[Opening Dataset section]
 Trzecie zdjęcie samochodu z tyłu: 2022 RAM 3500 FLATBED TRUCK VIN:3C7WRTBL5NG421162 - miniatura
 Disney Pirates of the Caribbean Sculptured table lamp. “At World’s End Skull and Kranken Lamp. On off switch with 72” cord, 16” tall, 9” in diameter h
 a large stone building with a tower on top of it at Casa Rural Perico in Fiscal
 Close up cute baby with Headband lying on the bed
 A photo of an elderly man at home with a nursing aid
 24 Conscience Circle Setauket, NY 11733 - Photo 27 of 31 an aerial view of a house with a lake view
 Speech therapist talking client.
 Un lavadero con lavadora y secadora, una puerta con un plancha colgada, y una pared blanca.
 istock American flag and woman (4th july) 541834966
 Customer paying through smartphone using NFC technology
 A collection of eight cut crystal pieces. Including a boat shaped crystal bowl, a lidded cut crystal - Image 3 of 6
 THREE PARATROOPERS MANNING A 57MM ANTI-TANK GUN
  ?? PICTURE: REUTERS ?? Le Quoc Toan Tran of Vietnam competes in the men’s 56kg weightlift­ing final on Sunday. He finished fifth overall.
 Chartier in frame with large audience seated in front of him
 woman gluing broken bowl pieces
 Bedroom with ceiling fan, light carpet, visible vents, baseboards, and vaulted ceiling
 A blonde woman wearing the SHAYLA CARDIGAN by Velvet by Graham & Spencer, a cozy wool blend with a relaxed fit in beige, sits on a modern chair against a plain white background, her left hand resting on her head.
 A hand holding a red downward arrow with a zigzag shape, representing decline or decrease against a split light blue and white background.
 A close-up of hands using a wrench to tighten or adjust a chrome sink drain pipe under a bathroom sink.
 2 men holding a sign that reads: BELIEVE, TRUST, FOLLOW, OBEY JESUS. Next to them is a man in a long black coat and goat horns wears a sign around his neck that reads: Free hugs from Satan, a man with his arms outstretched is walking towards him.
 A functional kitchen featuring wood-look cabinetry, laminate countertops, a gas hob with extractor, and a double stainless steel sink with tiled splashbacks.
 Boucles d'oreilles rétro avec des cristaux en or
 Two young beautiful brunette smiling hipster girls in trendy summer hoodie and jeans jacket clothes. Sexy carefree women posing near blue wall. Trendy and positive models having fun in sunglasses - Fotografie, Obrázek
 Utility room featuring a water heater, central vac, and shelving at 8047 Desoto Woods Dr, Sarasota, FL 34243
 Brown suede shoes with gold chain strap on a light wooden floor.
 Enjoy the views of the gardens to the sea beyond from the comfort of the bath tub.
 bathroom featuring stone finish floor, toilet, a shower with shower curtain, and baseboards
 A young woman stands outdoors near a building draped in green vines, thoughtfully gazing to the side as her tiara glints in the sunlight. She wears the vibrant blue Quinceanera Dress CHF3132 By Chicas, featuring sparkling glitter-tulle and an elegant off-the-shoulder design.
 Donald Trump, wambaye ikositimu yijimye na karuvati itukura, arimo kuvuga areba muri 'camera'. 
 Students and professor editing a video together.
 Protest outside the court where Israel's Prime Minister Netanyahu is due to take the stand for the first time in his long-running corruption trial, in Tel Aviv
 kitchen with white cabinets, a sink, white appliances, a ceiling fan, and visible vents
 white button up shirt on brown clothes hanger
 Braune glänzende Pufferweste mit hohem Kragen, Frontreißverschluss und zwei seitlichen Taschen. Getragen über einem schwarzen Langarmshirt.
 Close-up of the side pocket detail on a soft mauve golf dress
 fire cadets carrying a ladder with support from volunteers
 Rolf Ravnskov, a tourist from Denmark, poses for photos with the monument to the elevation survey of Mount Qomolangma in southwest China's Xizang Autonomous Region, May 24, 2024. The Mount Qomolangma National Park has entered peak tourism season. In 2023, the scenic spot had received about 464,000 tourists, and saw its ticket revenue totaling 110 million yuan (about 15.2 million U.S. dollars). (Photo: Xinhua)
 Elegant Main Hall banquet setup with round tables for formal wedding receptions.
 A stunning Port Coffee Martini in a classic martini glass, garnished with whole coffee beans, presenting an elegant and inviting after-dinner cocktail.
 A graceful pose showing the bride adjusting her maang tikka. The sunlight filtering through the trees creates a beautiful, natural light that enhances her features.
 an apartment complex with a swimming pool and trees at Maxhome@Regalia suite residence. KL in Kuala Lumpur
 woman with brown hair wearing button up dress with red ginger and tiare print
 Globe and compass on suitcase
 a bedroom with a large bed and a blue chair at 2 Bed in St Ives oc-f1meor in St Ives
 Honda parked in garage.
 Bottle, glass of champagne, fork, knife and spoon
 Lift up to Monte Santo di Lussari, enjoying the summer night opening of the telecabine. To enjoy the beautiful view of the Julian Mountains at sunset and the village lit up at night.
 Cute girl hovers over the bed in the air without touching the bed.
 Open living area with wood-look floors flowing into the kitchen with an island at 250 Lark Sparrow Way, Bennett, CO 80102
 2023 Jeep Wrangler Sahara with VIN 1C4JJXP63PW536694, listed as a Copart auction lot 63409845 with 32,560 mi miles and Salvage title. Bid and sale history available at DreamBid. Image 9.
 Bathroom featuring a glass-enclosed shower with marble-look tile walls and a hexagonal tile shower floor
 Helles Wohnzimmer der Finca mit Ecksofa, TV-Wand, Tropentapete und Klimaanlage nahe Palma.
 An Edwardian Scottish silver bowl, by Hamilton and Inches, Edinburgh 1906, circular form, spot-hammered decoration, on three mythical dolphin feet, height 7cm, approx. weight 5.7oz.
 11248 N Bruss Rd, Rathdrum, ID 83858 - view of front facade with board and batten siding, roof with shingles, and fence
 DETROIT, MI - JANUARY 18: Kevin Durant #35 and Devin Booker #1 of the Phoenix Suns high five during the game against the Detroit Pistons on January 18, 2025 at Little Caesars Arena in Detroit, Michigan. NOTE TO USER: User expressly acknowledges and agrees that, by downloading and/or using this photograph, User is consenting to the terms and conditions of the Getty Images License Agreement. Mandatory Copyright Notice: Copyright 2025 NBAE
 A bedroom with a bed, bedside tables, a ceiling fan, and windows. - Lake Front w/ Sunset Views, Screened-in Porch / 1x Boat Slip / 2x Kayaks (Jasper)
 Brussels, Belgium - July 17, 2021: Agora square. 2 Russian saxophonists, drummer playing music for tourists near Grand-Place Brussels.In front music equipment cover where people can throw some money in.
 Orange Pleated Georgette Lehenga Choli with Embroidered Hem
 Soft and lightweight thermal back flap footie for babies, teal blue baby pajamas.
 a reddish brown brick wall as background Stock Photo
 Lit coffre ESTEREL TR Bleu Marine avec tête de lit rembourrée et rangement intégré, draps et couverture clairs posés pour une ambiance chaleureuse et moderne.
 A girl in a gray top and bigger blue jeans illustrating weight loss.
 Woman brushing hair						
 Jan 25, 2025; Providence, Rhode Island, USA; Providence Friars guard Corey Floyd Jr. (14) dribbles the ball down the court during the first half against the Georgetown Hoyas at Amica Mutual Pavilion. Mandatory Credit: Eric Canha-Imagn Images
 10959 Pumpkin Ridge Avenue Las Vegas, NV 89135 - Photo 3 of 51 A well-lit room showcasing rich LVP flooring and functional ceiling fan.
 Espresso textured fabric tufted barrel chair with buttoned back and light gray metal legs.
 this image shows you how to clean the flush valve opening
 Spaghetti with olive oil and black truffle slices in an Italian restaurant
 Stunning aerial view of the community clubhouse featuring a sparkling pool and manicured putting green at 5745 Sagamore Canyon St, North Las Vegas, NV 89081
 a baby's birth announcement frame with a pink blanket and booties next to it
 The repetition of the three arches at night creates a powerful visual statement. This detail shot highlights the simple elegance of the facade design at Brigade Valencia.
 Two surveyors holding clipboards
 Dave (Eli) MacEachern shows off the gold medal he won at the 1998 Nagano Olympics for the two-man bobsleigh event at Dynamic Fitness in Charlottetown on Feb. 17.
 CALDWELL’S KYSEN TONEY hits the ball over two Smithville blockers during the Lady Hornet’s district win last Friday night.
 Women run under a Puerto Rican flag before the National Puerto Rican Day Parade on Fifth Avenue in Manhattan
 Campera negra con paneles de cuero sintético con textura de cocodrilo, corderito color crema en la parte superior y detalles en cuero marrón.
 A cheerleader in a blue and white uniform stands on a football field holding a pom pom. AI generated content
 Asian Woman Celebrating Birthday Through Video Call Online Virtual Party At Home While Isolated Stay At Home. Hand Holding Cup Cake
[Closing Dataset section]
Exercise directions: A complete answer lists each line of the data that holds the word "pieces".

The completed task:
 A collection of eight cut crystal pieces. Including a boat shaped crystal bowl, a lidded cut crystal - Image 3 of 6
 woman gluing broken bowl pieces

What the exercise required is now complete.